A BBC report by Natalie Sherman and Tom Espiner summarizes the controversy.
The International Monetary Fund has openly criticised the UK government over its plan for tax cuts…In an unusually outspoken statement, the IMF said the proposal was likely to increase inequality and add to pressures pushing up prices. …Chancellor Kwasi Kwarteng unveiled the country’s biggest tax package in 50 years on Friday. But the £45bn cut has sparked fears that government borrowing could surge along with interest rates. …Lord Frost, the former Brexit minister and close ally of Prime Minister Liz Truss, criticised the IMF’s statement. …”The IMF has consistently advocated highly conventional economic policies. It is following this approach that has produced years of slow growth and weak productivity. The only way forward for Britain is lower taxes, spending restraint, and significant economic reform.” …Moody’s credit rating agency said on Wednesday that the UK’s plan for “large unfunded tax cuts” was “credit negative” and would lead to higher, persistent deficits “amid rising borrowing costs [and] a weaker growth outlook”. Moody’s did not change the UK’s credit rating.
So what should be done about the IMF’s misguided interference? Writing for the Spectator in the U.K., Kate Andrews has some observations about the underlying philosophical and ideological conflict..

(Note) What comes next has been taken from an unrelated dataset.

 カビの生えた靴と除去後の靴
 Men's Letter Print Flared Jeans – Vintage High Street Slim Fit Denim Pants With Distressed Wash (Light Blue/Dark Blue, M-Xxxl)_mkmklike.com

…the International Monetary Fund has weighed in on the UK’s mini-Budget, offering a direct rebuke of Liz Truss and Kwasi Kwarteng’s tax cuts. …its spokesperson said…‘Given elevated inflation pressures in many countries, including the UK, we do not recommend large and untargeted fiscal packages at this juncture’… But this rebuke from the IMF is the kind of battle the Truss camp might be happy to have. …The IMF takes a political stance on inequality, viewing its reduction as a good thing in itself. Truss and Kwarteng reject this premise – summed up in the Chancellor’s statement last Friday when he called for the end of redistribution politics – and think it’s far more important to focus on ‘growing the size of the pie.’ The IMF’s ‘intervention’ is likely to become an example of the ‘Treasury orthodoxy’ that Truss was so vocal about during the leadership campaign: her belief that a left-wing economic consensus will not tolerate any meaningful shake-up of the tax code or supply-side reform.
Truss and Kwarteng are correct to reject the IMF’s foolish – and immoral – fixation on inequality. All you really need to know is that the IMF publishes research implying it is okay to hurt poor people if rich people are hurt by a greater amount.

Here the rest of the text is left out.